Looking through the window, the sun is shining, the sky is blue. This may be the last warm sunny day of autumn in the UK.
But I’m into my fourth day of a nasty cold/flu attack (who ever knows the difference between a cold and the flu – especially when you’re in the middle of it).
Reaching for the tissues and paracetamol, I could easily be stressed that I’m indoors and not out walking on this beautiful day. I could ruminate on the time I’ve ‘lost’ this week – time I planned to spend preparing and getting excited for new programmes happening soon.
Out of the depths of my cold/flu, I need to draw on my reserves of resilience and to see this as a roadblock and not a disaster. It’s easy when we feel low or rejected or treated unfairly to catastrophise and magnify the negatives.
As tempting it is to wallow in miserable thoughts (and we all need to do it now and then), staying stuck in negativity and ‘it’s awful’ way of thinking doesn’t help.
Keeping a perspective on our difficulties can put us on the road to solving them. I may not be out walking but I am sitting comfortably with the sunshine streaming through the window. I have this creative task to do which I enjoy and stops me talking – which is beneficial for my croaky voice.
By focusing on what I can do and not what I’m missing out on – by appreciating the positives – I can start to move forward. I can make steps to make things better for myself.

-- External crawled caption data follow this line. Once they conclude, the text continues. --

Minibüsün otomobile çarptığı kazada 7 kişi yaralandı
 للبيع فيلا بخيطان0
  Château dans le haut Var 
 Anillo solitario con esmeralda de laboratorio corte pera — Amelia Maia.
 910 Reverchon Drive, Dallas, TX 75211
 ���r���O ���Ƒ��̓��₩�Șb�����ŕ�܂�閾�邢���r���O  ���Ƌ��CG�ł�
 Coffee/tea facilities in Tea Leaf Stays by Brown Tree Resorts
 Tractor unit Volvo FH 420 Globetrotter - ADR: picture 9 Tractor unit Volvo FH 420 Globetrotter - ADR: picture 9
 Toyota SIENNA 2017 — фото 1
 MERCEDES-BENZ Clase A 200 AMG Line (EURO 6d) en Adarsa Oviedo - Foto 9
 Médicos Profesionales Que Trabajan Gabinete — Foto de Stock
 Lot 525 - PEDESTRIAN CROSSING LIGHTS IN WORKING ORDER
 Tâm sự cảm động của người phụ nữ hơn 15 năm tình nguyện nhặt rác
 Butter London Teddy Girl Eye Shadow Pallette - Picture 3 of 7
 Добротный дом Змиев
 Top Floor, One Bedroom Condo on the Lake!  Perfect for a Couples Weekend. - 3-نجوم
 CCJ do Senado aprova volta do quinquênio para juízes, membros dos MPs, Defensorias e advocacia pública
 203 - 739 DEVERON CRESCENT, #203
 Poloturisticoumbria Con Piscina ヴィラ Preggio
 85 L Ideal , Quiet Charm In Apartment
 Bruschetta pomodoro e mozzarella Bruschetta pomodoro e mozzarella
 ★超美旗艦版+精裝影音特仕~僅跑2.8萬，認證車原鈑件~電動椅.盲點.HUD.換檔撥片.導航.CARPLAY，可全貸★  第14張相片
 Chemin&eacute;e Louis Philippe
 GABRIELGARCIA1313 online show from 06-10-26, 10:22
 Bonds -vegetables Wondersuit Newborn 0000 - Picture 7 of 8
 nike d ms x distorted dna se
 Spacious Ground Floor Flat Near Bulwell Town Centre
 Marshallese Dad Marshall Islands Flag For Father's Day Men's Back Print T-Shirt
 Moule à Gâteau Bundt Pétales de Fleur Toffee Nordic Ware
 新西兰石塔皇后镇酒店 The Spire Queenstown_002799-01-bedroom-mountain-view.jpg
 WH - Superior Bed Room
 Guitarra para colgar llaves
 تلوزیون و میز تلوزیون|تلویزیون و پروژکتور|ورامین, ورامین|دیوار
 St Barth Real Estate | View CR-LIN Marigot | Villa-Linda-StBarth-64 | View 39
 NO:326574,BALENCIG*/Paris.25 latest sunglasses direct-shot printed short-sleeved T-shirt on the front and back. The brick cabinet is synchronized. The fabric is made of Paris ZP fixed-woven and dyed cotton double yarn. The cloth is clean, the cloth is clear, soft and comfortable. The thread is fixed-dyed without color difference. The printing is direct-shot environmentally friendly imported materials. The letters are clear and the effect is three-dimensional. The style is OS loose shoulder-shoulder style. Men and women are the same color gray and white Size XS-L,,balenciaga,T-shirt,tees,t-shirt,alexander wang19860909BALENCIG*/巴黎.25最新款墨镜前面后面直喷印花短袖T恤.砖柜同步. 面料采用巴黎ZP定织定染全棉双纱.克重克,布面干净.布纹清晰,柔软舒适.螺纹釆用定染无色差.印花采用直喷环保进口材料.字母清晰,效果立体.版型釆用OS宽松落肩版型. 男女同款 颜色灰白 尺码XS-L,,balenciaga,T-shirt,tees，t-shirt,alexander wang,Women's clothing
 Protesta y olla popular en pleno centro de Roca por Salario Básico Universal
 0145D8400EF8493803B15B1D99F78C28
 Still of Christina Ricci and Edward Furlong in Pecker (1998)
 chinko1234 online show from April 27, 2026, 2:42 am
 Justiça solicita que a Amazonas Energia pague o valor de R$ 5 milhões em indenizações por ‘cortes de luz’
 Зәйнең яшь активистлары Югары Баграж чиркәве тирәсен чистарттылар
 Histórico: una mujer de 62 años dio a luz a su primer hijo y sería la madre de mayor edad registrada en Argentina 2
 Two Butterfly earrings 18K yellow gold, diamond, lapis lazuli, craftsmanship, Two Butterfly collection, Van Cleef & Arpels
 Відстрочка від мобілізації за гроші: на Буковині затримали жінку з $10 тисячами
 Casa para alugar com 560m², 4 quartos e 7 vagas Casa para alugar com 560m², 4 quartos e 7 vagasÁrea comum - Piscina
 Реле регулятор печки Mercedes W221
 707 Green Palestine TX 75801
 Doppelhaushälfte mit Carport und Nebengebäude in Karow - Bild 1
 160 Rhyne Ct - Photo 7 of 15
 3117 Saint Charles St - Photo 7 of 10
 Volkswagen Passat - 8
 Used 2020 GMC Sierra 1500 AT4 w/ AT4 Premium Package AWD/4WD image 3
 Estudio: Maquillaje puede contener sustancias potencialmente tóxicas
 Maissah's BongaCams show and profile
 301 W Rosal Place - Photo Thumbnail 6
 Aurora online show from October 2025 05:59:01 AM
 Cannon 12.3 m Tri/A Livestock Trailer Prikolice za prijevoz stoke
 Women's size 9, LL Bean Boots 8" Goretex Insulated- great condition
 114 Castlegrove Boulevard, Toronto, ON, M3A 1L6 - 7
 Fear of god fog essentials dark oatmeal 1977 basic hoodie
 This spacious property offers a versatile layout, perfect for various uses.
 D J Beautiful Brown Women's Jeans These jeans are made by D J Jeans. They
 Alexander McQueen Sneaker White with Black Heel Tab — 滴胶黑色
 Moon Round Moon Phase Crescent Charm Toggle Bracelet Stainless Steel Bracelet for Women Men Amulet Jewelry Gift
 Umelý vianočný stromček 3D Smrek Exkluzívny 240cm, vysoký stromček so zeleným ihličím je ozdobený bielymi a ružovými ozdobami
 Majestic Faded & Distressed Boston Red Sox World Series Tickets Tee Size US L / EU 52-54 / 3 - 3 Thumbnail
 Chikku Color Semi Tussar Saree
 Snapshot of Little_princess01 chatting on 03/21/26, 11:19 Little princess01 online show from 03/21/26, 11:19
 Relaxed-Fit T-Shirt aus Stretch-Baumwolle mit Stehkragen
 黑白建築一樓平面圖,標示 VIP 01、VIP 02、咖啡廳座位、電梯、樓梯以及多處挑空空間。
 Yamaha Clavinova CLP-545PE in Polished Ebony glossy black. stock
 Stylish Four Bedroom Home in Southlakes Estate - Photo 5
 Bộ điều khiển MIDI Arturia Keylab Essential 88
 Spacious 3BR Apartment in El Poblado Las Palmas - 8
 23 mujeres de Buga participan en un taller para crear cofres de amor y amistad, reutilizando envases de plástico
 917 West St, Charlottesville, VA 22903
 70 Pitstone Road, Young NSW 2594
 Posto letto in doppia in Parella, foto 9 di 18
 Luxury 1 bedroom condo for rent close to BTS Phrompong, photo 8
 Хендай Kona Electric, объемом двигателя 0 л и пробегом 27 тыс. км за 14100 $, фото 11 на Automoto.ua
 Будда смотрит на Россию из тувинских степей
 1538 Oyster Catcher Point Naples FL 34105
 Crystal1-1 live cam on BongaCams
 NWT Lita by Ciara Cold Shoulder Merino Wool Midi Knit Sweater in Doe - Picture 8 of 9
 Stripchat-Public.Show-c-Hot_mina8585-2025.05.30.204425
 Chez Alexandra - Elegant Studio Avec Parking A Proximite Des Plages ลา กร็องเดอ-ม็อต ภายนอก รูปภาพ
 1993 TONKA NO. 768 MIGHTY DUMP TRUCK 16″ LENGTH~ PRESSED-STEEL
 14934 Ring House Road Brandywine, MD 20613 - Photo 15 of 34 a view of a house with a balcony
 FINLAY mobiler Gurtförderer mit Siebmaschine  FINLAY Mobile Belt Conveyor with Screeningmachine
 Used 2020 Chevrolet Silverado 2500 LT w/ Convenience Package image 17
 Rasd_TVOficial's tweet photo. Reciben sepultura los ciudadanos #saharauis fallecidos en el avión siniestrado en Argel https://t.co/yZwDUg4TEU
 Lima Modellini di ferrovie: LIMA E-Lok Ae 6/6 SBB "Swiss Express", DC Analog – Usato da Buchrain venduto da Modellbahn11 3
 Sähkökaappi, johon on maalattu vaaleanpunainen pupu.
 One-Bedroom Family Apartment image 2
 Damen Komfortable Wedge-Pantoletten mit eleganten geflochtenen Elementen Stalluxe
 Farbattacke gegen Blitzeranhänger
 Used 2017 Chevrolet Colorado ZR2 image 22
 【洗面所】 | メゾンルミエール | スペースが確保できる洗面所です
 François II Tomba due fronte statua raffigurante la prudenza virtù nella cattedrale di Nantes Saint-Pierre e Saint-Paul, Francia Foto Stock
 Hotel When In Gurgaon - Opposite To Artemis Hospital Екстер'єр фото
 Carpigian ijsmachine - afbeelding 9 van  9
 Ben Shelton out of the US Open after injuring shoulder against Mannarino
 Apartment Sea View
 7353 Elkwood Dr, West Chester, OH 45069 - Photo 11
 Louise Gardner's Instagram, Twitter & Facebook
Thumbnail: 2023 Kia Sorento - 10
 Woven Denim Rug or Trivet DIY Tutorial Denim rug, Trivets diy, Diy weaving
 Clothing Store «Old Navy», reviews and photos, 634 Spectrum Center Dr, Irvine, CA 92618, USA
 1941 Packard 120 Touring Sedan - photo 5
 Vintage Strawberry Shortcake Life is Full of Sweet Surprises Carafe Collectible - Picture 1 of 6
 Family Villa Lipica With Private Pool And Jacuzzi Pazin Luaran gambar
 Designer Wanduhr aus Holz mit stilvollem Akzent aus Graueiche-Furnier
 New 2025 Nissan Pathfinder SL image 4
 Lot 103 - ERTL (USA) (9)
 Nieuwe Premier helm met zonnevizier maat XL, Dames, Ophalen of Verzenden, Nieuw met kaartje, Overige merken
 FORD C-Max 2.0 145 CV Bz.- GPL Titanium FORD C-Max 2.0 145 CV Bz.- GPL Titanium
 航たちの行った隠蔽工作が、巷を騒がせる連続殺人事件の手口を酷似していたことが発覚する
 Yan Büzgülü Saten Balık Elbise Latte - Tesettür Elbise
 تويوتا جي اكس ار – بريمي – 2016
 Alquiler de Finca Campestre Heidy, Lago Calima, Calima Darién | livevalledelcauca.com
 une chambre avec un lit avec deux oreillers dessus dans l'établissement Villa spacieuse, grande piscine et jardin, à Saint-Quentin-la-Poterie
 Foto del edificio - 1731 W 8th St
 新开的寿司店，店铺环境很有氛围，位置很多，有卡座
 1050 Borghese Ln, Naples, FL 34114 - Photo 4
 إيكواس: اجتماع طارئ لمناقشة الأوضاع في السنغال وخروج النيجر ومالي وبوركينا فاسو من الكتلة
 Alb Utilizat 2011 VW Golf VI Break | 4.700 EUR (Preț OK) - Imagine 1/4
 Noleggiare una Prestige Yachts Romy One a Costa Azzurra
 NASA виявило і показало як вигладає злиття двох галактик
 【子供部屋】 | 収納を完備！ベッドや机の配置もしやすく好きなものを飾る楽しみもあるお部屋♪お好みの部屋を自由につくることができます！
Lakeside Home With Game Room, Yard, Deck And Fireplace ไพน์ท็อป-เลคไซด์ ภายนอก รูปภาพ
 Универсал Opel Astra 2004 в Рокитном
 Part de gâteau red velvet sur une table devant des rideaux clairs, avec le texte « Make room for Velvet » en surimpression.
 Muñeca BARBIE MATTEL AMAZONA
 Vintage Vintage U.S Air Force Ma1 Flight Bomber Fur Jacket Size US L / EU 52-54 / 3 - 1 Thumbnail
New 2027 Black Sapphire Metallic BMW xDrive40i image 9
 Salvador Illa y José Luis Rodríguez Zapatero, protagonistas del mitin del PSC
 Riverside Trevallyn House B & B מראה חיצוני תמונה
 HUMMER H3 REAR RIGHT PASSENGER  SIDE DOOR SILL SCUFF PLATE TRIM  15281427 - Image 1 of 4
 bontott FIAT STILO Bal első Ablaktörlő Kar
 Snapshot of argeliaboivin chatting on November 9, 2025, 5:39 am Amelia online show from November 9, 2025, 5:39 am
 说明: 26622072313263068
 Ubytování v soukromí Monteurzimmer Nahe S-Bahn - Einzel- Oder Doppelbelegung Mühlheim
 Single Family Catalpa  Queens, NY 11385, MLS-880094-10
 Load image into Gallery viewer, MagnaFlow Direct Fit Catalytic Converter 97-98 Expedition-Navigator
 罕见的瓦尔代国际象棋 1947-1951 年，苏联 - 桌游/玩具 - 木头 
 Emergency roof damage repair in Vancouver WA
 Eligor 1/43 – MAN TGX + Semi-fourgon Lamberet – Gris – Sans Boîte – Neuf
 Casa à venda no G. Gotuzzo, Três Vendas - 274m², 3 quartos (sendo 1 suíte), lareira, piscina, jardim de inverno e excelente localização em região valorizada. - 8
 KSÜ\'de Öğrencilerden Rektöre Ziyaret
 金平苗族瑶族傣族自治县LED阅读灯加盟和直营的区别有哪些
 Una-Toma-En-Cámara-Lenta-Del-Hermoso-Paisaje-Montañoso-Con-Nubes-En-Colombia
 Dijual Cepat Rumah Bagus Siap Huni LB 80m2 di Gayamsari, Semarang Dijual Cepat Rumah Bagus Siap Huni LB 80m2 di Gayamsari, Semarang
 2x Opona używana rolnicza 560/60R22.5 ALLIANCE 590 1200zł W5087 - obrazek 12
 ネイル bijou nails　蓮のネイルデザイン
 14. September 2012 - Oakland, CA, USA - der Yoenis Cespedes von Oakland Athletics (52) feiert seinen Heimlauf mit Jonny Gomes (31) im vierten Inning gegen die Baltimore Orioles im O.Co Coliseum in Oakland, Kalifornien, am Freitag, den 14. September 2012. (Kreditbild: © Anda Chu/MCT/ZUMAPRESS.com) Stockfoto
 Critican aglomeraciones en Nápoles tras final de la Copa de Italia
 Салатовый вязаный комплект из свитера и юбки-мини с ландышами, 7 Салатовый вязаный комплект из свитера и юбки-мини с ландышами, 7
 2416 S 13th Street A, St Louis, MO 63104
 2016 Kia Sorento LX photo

I appreciate this about the small issue of a minor health problem here and life’s bigger challenges like financial uncertainties, workplace bullying, restructuring or more serious physical/mental health problems may seem in a different league. But the more able we are to focus on what we can control rather than what we can’t, the more we build resilience.
Small actions will not solve all our problems but they do help build resilience to get through challenging times:
- Pump up your positivity – people with an optimistic outlook will survive difficult times more easily – so look out for the people who help you feel more positive whether that’s a colleague, a friend or an inspirational blog/TED talk
- Think ‘what can I learn from this?’ All challenges present us with opportunities to learn – about yourself, about other people, about what works and what doesn’t
- Take enormous care of yourself in times of difficulties. Eat well, have plenty of rest, relax and do things that make you feel good
- Make a realistic and achievable plan. ‘What’s the point?’ kind of thinking makes it worse. Use Springboard’s advice and set small, practical, realistic action points with a timescale. Decide to take a walk at lunchtime or contact a friend this weekend or revamp your CV next week.
Remember you can ………. and you will.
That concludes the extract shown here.